First clues to the causes of multiple sclerosis

Multiple sclerosis, which affects 1 in 1,000 people, is frequently characterised by relapses associated with variable functional impairments including among others vision problems, impairment of locomotor functions or difficulties with speech. There is still no cure for multiple sclerosis, with current treatments largely based on managing symptoms, especially accelerating recovery phases following a relapse and reducing the number and severity of relapses. Researchers at the University of Geneva (UNIGE), Switzerland, and Geneva University Hospitals (HUG) have identified a DNA-binding factor called TOX that might play a role in triggering multiple sclerosis. They found that TOX license immune cells to cause autoimmune tissue destruction in the brain. The results of the research, published in the journal Immunity, deliver important insights into our understanding and treatment of auto-immune diseases.

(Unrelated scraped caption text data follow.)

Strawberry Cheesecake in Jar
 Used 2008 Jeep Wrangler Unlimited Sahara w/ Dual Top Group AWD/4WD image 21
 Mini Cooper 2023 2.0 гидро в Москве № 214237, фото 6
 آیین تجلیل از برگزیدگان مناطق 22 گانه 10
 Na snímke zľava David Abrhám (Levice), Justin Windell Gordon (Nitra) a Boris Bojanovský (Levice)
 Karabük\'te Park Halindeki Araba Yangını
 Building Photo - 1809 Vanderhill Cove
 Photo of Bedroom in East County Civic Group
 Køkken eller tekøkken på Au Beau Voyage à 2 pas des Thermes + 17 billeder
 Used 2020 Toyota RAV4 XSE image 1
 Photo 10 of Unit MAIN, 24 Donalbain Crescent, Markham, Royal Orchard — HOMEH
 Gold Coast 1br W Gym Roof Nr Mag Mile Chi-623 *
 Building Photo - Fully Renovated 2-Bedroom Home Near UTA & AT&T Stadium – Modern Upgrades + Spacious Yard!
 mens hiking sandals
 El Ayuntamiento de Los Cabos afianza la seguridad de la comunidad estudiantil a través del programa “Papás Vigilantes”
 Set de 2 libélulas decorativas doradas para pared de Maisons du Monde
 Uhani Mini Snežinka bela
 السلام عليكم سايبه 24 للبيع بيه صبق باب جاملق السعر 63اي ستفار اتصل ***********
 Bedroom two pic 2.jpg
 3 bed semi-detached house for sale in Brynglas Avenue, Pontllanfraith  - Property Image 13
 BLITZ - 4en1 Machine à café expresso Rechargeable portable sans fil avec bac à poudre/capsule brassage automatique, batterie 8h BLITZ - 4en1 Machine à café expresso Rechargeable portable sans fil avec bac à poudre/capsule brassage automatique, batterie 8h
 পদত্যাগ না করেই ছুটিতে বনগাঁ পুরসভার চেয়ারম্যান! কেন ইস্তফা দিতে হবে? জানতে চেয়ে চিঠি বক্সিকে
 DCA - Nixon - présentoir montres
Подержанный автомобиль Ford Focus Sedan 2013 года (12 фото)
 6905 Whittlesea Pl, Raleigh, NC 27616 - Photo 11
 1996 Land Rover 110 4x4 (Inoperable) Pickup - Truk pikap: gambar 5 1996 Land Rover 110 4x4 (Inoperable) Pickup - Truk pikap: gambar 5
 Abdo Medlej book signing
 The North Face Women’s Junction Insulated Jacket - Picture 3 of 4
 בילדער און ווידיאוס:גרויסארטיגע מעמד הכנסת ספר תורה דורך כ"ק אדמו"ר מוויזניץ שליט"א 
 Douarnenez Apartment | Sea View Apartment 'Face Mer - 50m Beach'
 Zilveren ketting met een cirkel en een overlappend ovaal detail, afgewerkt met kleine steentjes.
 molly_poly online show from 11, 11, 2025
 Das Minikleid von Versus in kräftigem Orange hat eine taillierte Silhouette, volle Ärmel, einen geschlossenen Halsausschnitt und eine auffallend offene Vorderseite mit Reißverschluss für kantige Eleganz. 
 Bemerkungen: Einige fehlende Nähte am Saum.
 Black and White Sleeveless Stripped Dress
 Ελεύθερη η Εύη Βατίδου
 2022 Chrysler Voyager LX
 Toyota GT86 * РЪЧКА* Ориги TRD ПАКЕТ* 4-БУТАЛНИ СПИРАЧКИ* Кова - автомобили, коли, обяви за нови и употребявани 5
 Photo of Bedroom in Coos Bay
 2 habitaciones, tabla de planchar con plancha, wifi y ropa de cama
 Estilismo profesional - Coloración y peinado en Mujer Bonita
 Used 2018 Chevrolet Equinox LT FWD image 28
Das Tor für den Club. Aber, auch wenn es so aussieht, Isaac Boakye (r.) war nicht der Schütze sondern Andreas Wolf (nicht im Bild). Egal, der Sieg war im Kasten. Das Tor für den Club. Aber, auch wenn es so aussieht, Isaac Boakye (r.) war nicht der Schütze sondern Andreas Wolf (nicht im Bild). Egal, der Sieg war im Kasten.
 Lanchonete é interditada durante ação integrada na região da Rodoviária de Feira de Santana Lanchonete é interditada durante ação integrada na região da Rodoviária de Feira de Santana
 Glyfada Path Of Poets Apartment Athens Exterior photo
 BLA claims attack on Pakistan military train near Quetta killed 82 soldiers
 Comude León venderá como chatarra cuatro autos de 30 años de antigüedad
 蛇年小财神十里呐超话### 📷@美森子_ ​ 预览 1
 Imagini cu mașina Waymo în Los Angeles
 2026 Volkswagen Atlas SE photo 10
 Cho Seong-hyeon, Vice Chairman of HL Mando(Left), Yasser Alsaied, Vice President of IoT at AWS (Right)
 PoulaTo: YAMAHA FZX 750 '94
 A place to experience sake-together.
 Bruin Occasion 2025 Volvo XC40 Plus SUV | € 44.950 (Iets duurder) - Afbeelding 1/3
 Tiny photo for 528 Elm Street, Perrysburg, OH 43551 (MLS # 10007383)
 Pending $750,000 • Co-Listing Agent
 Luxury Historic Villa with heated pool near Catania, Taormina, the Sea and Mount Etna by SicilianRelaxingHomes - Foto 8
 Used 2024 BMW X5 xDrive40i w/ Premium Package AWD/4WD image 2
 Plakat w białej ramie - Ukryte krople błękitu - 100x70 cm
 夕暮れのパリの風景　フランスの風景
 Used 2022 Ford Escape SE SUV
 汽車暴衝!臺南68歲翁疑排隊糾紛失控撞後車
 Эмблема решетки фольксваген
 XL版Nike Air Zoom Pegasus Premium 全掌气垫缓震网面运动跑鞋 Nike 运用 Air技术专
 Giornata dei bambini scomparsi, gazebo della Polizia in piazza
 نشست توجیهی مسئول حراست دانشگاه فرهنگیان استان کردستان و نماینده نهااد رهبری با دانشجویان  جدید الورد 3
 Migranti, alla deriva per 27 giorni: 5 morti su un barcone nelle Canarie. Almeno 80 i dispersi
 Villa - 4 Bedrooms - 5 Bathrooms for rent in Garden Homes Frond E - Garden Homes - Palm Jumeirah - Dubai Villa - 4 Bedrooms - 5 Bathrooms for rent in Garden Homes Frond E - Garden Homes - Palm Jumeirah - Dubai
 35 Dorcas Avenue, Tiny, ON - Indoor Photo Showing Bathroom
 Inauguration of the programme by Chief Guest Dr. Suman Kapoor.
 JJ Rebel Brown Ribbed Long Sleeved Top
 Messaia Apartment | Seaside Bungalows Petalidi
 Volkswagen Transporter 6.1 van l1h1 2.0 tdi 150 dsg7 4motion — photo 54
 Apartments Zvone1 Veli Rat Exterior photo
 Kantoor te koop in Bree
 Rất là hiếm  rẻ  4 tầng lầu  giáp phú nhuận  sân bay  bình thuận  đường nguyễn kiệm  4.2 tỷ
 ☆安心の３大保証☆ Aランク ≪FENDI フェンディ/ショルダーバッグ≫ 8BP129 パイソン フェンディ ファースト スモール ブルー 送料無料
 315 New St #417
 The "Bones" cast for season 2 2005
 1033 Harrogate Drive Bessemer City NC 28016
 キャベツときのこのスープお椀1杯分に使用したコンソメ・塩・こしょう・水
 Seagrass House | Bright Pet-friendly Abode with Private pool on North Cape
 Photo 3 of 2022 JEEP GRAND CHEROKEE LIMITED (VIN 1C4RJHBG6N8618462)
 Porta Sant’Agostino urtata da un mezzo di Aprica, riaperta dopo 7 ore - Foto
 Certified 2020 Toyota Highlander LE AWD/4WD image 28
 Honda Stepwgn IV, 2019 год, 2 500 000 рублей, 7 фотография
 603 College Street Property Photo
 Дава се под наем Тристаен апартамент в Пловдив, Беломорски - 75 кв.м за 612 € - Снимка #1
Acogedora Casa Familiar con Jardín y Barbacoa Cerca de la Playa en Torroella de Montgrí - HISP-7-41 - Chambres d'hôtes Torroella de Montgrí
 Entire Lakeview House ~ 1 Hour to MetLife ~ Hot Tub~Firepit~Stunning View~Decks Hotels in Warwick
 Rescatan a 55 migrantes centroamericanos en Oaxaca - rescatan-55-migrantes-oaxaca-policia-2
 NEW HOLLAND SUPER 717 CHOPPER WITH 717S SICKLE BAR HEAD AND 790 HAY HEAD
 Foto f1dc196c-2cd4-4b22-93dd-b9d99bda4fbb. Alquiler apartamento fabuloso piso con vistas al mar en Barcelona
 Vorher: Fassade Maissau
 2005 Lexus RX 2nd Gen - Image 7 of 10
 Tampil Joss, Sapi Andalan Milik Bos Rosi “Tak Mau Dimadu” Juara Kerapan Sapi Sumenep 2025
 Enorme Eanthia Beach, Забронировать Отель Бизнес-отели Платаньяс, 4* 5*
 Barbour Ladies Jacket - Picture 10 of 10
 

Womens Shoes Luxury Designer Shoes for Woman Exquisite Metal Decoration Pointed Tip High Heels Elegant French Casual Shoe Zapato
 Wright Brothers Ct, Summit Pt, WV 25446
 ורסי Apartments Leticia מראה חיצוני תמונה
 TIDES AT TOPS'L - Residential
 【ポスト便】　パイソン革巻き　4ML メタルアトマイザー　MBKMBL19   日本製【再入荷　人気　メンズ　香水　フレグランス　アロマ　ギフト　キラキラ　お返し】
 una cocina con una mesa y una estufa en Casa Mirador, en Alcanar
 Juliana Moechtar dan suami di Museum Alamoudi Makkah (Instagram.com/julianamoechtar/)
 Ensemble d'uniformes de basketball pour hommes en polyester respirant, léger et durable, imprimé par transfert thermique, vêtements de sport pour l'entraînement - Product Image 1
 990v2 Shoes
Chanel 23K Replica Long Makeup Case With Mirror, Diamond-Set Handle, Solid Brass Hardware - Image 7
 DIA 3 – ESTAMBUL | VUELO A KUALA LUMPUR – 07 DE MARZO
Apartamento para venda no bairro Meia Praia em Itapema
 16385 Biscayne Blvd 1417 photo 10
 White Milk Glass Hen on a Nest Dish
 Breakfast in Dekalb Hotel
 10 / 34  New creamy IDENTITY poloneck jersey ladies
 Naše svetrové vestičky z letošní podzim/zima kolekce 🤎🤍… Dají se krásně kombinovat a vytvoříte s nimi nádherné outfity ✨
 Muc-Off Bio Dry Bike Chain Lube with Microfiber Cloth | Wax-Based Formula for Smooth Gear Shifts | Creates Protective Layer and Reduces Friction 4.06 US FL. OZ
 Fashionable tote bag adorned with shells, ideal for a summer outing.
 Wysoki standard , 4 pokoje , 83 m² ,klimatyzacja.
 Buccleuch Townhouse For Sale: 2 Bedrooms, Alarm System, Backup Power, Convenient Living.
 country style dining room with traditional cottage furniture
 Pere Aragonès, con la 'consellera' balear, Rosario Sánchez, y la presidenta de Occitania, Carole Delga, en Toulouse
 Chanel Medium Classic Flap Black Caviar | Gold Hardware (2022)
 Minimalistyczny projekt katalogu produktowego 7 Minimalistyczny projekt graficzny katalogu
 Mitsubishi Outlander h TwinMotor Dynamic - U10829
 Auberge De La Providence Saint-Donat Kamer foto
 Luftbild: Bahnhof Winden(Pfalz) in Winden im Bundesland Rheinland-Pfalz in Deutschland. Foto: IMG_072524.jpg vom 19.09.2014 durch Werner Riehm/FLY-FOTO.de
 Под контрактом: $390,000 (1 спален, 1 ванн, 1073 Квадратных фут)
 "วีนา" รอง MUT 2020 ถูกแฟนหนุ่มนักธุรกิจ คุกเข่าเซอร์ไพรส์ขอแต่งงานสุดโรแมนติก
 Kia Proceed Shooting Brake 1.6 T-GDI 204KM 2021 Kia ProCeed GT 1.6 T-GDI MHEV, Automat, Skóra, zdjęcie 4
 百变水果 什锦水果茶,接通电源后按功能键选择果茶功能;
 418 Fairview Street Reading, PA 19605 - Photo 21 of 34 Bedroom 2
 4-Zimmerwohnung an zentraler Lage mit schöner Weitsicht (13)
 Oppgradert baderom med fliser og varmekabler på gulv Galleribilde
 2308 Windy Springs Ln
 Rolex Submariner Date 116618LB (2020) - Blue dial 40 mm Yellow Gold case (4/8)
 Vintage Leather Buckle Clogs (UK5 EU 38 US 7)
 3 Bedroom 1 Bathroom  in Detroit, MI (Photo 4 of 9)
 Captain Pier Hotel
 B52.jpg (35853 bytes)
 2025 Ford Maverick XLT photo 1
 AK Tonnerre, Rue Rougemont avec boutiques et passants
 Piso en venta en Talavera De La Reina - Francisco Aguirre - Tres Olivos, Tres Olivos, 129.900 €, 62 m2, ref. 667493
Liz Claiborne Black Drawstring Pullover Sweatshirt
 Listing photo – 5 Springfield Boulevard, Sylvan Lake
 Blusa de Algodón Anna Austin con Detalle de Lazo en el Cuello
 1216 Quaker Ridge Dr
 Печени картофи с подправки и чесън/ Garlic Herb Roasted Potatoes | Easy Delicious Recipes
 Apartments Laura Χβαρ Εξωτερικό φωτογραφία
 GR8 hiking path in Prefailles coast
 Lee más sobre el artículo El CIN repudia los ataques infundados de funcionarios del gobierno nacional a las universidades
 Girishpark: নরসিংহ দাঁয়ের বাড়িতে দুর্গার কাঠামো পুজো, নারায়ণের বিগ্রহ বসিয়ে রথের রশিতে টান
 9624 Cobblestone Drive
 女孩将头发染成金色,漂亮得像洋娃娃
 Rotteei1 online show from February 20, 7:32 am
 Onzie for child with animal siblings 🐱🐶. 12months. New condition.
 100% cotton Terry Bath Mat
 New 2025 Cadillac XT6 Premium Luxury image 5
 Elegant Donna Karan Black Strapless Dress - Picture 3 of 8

Multiple sclerosis is as much of a mystery today as it has always been. We know that genetic risk factors but also environmental ones such as infection or even smoking are known to play a role in the development of the disease. However, it is still not known why it is triggered in some cases and not in others. “We decided to analyse the infectious factors by studying the auto-immune reactions provoked by different pathogens,” explains Doron Merkler, Professor in the Pathology and Immunology Department in UNIGE’s Faculty of Medicine and in the HUG Clinical Pathology Department. “This was to try to pinpoint an element that might influence the development of multiple sclerosis where there has been an infection”.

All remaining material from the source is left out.